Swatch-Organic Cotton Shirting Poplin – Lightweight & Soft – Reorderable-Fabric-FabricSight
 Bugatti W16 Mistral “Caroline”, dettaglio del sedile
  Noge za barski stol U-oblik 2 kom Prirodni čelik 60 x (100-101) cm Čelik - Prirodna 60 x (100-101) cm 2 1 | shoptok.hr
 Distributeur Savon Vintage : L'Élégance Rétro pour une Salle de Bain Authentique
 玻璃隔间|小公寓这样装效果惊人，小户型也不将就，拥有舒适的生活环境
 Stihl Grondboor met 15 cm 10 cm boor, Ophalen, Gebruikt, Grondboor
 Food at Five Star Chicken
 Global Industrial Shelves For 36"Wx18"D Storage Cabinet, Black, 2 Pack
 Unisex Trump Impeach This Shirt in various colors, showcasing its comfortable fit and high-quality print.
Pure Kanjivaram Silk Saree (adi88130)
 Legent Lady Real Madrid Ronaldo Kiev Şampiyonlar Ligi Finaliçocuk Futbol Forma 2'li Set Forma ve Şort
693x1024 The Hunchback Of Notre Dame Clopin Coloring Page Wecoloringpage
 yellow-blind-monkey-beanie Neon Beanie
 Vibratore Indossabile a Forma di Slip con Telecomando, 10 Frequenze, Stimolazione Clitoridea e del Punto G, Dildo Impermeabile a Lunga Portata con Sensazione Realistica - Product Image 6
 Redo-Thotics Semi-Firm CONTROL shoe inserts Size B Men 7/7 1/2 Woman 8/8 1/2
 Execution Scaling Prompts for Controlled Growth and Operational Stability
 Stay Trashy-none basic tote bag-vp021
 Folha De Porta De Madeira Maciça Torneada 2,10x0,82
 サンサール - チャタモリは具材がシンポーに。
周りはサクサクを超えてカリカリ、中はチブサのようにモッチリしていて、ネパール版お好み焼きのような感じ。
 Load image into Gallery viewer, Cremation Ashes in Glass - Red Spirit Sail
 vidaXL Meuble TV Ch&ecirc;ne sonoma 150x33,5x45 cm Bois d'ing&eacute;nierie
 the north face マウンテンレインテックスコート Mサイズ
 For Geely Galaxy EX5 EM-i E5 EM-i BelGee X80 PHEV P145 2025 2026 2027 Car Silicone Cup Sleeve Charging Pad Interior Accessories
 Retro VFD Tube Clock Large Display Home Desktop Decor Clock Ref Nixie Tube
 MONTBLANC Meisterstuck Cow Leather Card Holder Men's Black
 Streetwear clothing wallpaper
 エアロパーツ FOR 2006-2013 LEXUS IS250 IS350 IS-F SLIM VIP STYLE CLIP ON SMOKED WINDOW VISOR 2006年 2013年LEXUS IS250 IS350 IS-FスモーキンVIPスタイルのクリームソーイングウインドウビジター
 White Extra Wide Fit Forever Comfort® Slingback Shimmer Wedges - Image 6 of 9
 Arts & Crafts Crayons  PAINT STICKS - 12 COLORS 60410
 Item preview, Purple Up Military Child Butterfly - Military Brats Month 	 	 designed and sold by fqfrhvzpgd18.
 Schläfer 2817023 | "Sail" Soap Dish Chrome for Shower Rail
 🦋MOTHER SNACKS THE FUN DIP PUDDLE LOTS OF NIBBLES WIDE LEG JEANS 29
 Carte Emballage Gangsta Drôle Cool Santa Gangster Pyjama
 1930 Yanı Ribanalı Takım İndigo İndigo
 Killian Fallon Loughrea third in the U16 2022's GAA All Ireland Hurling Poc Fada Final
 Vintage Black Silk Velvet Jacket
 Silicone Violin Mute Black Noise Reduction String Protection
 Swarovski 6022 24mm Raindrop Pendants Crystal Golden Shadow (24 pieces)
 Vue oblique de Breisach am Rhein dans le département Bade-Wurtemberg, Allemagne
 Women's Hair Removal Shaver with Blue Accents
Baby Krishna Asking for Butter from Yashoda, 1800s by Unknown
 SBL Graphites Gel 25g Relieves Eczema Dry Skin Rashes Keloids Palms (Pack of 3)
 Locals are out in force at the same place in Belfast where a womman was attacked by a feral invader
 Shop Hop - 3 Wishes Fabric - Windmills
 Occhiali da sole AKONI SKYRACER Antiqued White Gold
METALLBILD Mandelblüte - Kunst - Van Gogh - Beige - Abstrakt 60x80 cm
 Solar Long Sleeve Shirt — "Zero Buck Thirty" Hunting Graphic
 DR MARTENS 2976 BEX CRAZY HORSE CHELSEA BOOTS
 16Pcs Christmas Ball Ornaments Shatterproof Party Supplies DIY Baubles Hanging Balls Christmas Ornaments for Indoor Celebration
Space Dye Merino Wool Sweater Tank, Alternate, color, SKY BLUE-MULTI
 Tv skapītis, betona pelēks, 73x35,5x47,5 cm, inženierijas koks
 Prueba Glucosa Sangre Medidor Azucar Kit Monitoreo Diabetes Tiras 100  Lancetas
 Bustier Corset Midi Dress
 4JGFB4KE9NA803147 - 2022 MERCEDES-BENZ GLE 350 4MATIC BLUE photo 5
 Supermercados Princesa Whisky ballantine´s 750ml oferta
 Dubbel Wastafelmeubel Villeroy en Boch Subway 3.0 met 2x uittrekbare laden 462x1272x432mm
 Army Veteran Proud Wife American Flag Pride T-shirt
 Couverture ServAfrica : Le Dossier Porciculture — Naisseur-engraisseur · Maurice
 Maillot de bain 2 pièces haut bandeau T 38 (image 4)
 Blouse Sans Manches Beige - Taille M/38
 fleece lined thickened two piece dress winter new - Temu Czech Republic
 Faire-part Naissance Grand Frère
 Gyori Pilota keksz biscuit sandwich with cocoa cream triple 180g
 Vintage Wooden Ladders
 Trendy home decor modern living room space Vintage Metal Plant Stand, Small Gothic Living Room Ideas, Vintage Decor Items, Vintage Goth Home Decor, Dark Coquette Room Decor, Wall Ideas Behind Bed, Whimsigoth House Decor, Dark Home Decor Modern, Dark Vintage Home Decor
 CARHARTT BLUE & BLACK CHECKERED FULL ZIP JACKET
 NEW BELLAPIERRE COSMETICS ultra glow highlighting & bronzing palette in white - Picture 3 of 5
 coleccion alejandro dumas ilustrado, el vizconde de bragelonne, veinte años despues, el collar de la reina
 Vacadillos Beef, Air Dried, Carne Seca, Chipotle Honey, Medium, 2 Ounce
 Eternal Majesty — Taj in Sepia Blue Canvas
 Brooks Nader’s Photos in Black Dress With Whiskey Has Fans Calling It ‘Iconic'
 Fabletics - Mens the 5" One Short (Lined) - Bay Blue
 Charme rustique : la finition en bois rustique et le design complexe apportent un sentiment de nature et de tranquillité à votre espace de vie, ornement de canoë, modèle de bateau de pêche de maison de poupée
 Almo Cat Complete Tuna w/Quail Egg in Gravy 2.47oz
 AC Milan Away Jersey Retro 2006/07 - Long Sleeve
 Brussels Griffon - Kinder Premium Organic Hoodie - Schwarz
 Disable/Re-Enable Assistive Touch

----

* To do
Retype the data exactly as given.

* Solution to the exercise
Swatch-Organic Cotton Shirting Poplin – Lightweight & Soft – Reorderable-Fabric-FabricSight
 Bugatti W16 Mistral “Caroline”, dettaglio del sedile
  Noge za barski stol U-oblik 2 kom Prirodni čelik 60 x (100-101) cm Čelik - Prirodna 60 x (100-101) cm 2 1 | shoptok.hr
 Distributeur Savon Vintage : L'Élégance Rétro pour une Salle de Bain Authentique
 玻璃隔间|小公寓这样装效果惊人，小户型也不将就，拥有舒适的生活环境
 Stihl Grondboor met 15 cm 10 cm boor, Ophalen, Gebruikt, Grondboor
 Food at Five Star Chicken
 Global Industrial Shelves For 36"Wx18"D Storage Cabinet, Black, 2 Pack
 Unisex Trump Impeach This Shirt in various colors, showcasing its comfortable fit and high-quality print.
Pure Kanjivaram Silk Saree (adi88130)
 Legent Lady Real Madrid Ronaldo Kiev Şampiyonlar Ligi Finaliçocuk Futbol Forma 2'li Set Forma ve Şort
693x1024 The Hunchback Of Notre Dame Clopin Coloring Page Wecoloringpage
 yellow-blind-monkey-beanie Neon Beanie
 Vibratore Indossabile a Forma di Slip con Telecomando, 10 Frequenze, Stimolazione Clitoridea e del Punto G, Dildo Impermeabile a Lunga Portata con Sensazione Realistica - Product Image 6
 Redo-Thotics Semi-Firm CONTROL shoe inserts Size B Men 7/7 1/2 Woman 8/8 1/2
 Execution Scaling Prompts for Controlled Growth and Operational Stability
 Stay Trashy-none basic tote bag-vp021
 Folha De Porta De Madeira Maciça Torneada 2,10x0,82
 サンサール - チャタモリは具材がシンポーに。
周りはサクサクを超えてカリカリ、中はチブサのようにモッチリしていて、ネパール版お好み焼きのような感じ。
 Load image into Gallery viewer, Cremation Ashes in Glass - Red Spirit Sail
 vidaXL Meuble TV Ch&ecirc;ne sonoma 150x33,5x45 cm Bois d'ing&eacute;nierie
 the north face マウンテンレインテックスコート Mサイズ
 For Geely Galaxy EX5 EM-i E5 EM-i BelGee X80 PHEV P145 2025 2026 2027 Car Silicone Cup Sleeve Charging Pad Interior Accessories
 Retro VFD Tube Clock Large Display Home Desktop Decor Clock Ref Nixie Tube
 MONTBLANC Meisterstuck Cow Leather Card Holder Men's Black
 Streetwear clothing wallpaper
 エアロパーツ FOR 2006-2013 LEXUS IS250 IS350 IS-F SLIM VIP STYLE CLIP ON SMOKED WINDOW VISOR 2006年 2013年LEXUS IS250 IS350 IS-FスモーキンVIPスタイルのクリームソーイングウインドウビジター
 White Extra Wide Fit Forever Comfort® Slingback Shimmer Wedges - Image 6 of 9
 Arts & Crafts Crayons  PAINT STICKS - 12 COLORS 60410
 Item preview, Purple Up Military Child Butterfly - Military Brats Month 	 	 designed and sold by fqfrhvzpgd18.
 Schläfer 2817023 | "Sail" Soap Dish Chrome for Shower Rail
 🦋MOTHER SNACKS THE FUN DIP PUDDLE LOTS OF NIBBLES WIDE LEG JEANS 29
 Carte Emballage Gangsta Drôle Cool Santa Gangster Pyjama
 1930 Yanı Ribanalı Takım İndigo İndigo
 Killian Fallon Loughrea third in the U16 2022's GAA All Ireland Hurling Poc Fada Final
 Vintage Black Silk Velvet Jacket
 Silicone Violin Mute Black Noise Reduction String Protection
 Swarovski 6022 24mm Raindrop Pendants Crystal Golden Shadow (24 pieces)
 Vue oblique de Breisach am Rhein dans le département Bade-Wurtemberg, Allemagne
 Women's Hair Removal Shaver with Blue Accents
Baby Krishna Asking for Butter from Yashoda, 1800s by Unknown
 SBL Graphites Gel 25g Relieves Eczema Dry Skin Rashes Keloids Palms (Pack of 3)
 Locals are out in force at the same place in Belfast where a womman was attacked by a feral invader
 Shop Hop - 3 Wishes Fabric - Windmills
 Occhiali da sole AKONI SKYRACER Antiqued White Gold
METALLBILD Mandelblüte - Kunst - Van Gogh - Beige - Abstrakt 60x80 cm
 Solar Long Sleeve Shirt — "Zero Buck Thirty" Hunting Graphic
 DR MARTENS 2976 BEX CRAZY HORSE CHELSEA BOOTS
 16Pcs Christmas Ball Ornaments Shatterproof Party Supplies DIY Baubles Hanging Balls Christmas Ornaments for Indoor Celebration
Space Dye Merino Wool Sweater Tank, Alternate, color, SKY BLUE-MULTI
 Tv skapītis, betona pelēks, 73x35,5x47,5 cm, inženierijas koks
 Prueba Glucosa Sangre Medidor Azucar Kit Monitoreo Diabetes Tiras 100  Lancetas
 Bustier Corset Midi Dress
 4JGFB4KE9NA803147 - 2022 MERCEDES-BENZ GLE 350 4MATIC BLUE photo 5
 Supermercados Princesa Whisky ballantine´s 750ml oferta
 Dubbel Wastafelmeubel Villeroy en Boch Subway 3.0 met 2x uittrekbare laden 462x1272x432mm
 Army Veteran Proud Wife American Flag Pride T-shirt
 Couverture ServAfrica : Le Dossier Porciculture — Naisseur-engraisseur · Maurice
 Maillot de bain 2 pièces haut bandeau T 38 (image 4)
 Blouse Sans Manches Beige - Taille M/38
 fleece lined thickened two piece dress winter new - Temu Czech Republic
 Faire-part Naissance Grand Frère
 Gyori Pilota keksz biscuit sandwich with cocoa cream triple 180g
 Vintage Wooden Ladders
 Trendy home decor modern living room space Vintage Metal Plant Stand, Small Gothic Living Room Ideas, Vintage Decor Items, Vintage Goth Home Decor, Dark Coquette Room Decor, Wall Ideas Behind Bed, Whimsigoth House Decor, Dark Home Decor Modern, Dark Vintage Home Decor
 CARHARTT BLUE & BLACK CHECKERED FULL ZIP JACKET
 NEW BELLAPIERRE COSMETICS ultra glow highlighting & bronzing palette in white - Picture 3 of 5
 coleccion alejandro dumas ilustrado, el vizconde de bragelonne, veinte años despues, el collar de la reina
 Vacadillos Beef, Air Dried, Carne Seca, Chipotle Honey, Medium, 2 Ounce
 Eternal Majesty — Taj in Sepia Blue Canvas
 Brooks Nader’s Photos in Black Dress With Whiskey Has Fans Calling It ‘Iconic'
 Fabletics - Mens the 5" One Short (Lined) - Bay Blue
 Charme rustique : la finition en bois rustique et le design complexe apportent un sentiment de nature et de tranquillité à votre espace de vie, ornement de canoë, modèle de bateau de pêche de maison de poupée
 Almo Cat Complete Tuna w/Quail Egg in Gravy 2.47oz
 AC Milan Away Jersey Retro 2006/07 - Long Sleeve
 Brussels Griffon - Kinder Premium Organic Hoodie - Schwarz
 Disable/Re-Enable Assistive Touch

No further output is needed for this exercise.